Genre-based Music Recommendations Using Open Data (and the problem with recommender systems)

After a long 12 months of pouring my soul into it, my book, Data Analysis with R, was finally published. After the requisite 2-4 day breather, I started thinking about how I was going to get back into the swing of regular blog posts and decided that the easier and softer way is to cannibalize and expand on an example in the book.

In the chapter "Sources of Data" I show how to consume web data of different formats in R. The motivating example is to build a simple recommendation system that uses user-supplied "tags" (genres/labels) submitted to Last.fm and MusicBrainz to quantify musical artist "similarity". The example in the book stops at the construction and sorting of the similarity matrix but, in this post, we're going to make a really fly D3 visualization of the musical similarity network and provide recommendations in the tooltips. The code, including the Javascript and HTML, I used for this post was hastily thrown into a git repo and is available here. If you're uninterested in the detailed methodology, I suggest you skip to the section labeled "Outcome".

Methodology

Although in the book tags from both Last.fm and MusicBrainz are used, we'll just be using Last.fm here. (In additional contrast to the book, the code here is, as you might imagine, substantially faster-paced.)

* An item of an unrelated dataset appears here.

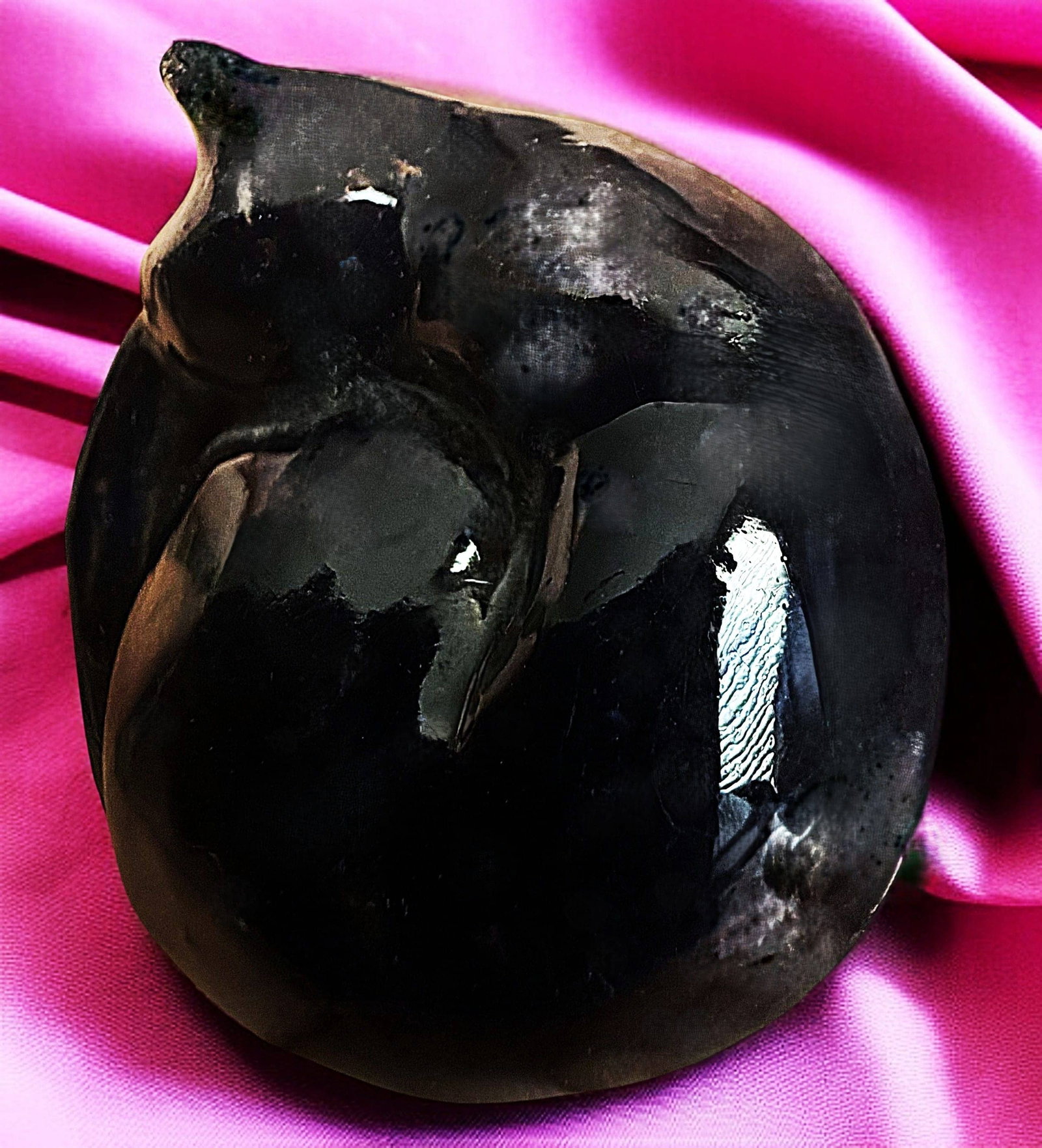 A DIVISION THREE VERY RARE CAT BUTTON (1 of 3)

The first step is to make a character vector of all the artists that you'd like to be included. If you were building a real system, you'd probably want all Last.fm artists. Since we're not, I just used 70 of my most played artists on my Last.fm. Since I got the list straight from the source, I didn't have to worry that any of the API requests would return "No Artist Found".

The following is a function that takes an artist and returns the properly formatted Last.fm API call to get the tags in JSON format.

create_artist_query_url_lfm <- function(artist_name){
  prefix <- "http://ws.audioscrobbler.com/2.0/?method=artist.gettoptags&artist="
  postfix <- "&api_key=c2e57923a25c03f3d8b317b3c8622b43&format=json"
  encoded_artist <- URLencode(artist_name)
  return(paste0(prefix, encoded_artist, postfix))
}

This is an example of the JSON payload from my favorite merengue artist.

We only want the tag names--curiously, attempts to factor in degree of tag fit (the "count" attribute) resulted in (what I interpreted as) substantially poorer recommendations.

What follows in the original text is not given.